Dawn Baumgartner Vaughan, The News & Observer on

Published in News & Features

If all politics is local, in the case of one North Carolina Senate race, it’s both state and national, too.

North Carolina’s longtime Republican Senate leader Phil Berger is being challenged in a primary election by Rockingham County Sheriff Sam Page.

Both men have praised Trump, but Trump chose to endorse Berger on Wednesday night, even as he complimented Page, offered him a job and encouraged him to drop out of the race.

Page said he isn’t going anywhere and he’s committed to defeating Berger in the March 3 election.

Here’s what you need to know about the status of the primary.

A local primary is the only way that Berger could lose power

Berger has maintained the support of his Senate Republican Caucus, which chooses to keep him as its leader every two-year session. And he serves in a safely Republican district.

“Berger is unquestionably the most powerful state legislator and arguably the most powerful politician in North Carolina and usually skates to reelection,” said political science professor Chris Cooper.

“So the only way that Berger could lose power is in a primary election,” he said. Cooper, who is also director at Western Carolina University’s public policy institute, said that makes this “arguably the most important primary in the past two decades” in the state.

Trump, Sen. Galey asked Page to drop out

On the eve of candidate filing, Republican Sen. Amy Galey went to Page’s house and left him a letter trying to persuade him to get out of the race, Page told The News & Observer on Wednesday.

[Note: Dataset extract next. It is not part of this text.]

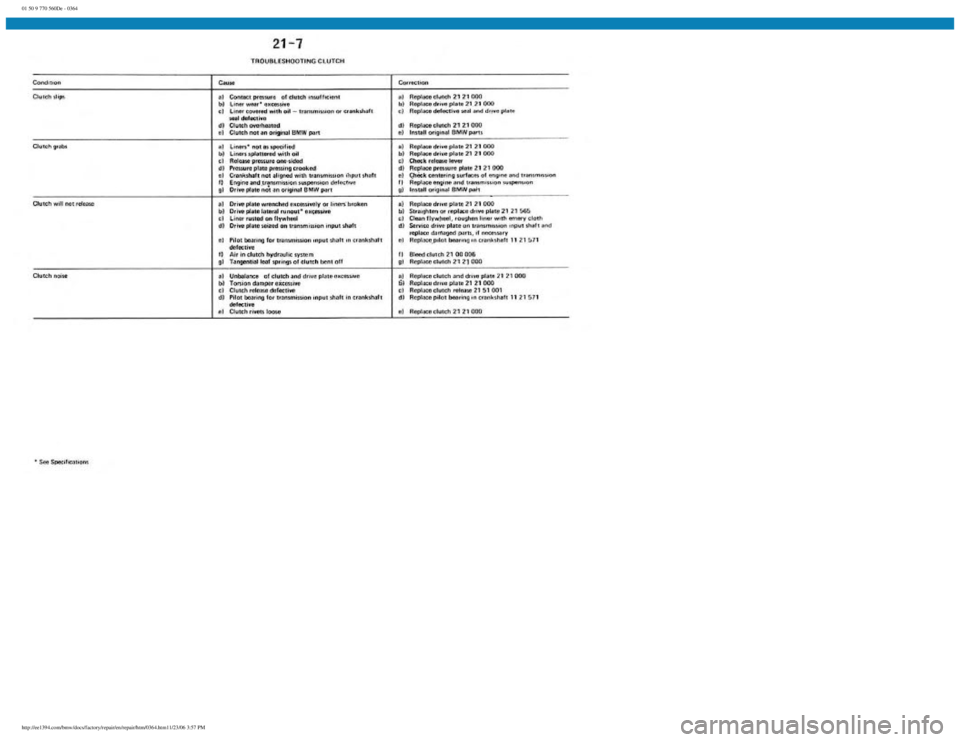 BMW E30 1982 Repair Manual
01 50 9 770 560De - 0364
http://ee1394.com/bmw/docs/factory/repair/en/repair/htm/0364.htm11/23/06 3:57 PM BMW E30 1982 Repair Manual
01 50 9 770 560De - 0364
http://ee1394.com/bmw/docs/factory/repair/en/repair/htm/0364.htm11/23/06 3:57 PM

Page says her pitch was that Berger campaign money would be better spent on other Senate Republican campaigns to maintain a supermajority.

But Page filed for office on Dec. 1 anyway, despite the attempt to dissuade him.

Wednesday night, WRAL-TV first reported about the letter and Ring camera photo of Galey, with Galey telling the television station that she “felt really, really strongly — I do feel strongly — that Sheriff Page has made a really big mistake that is going to do a lot of harm to causes that I care about.”

Page told The N&O that Galey, an Alamance County Republican and Senate majority whip, came to his house around 6:30 p.m., after dark and unannounced. He said he told her previously he didn’t want to talk to her about the race, thinking she would then try to persuade him not to run. Page saw footage from his Ring camera of Galey’s visit.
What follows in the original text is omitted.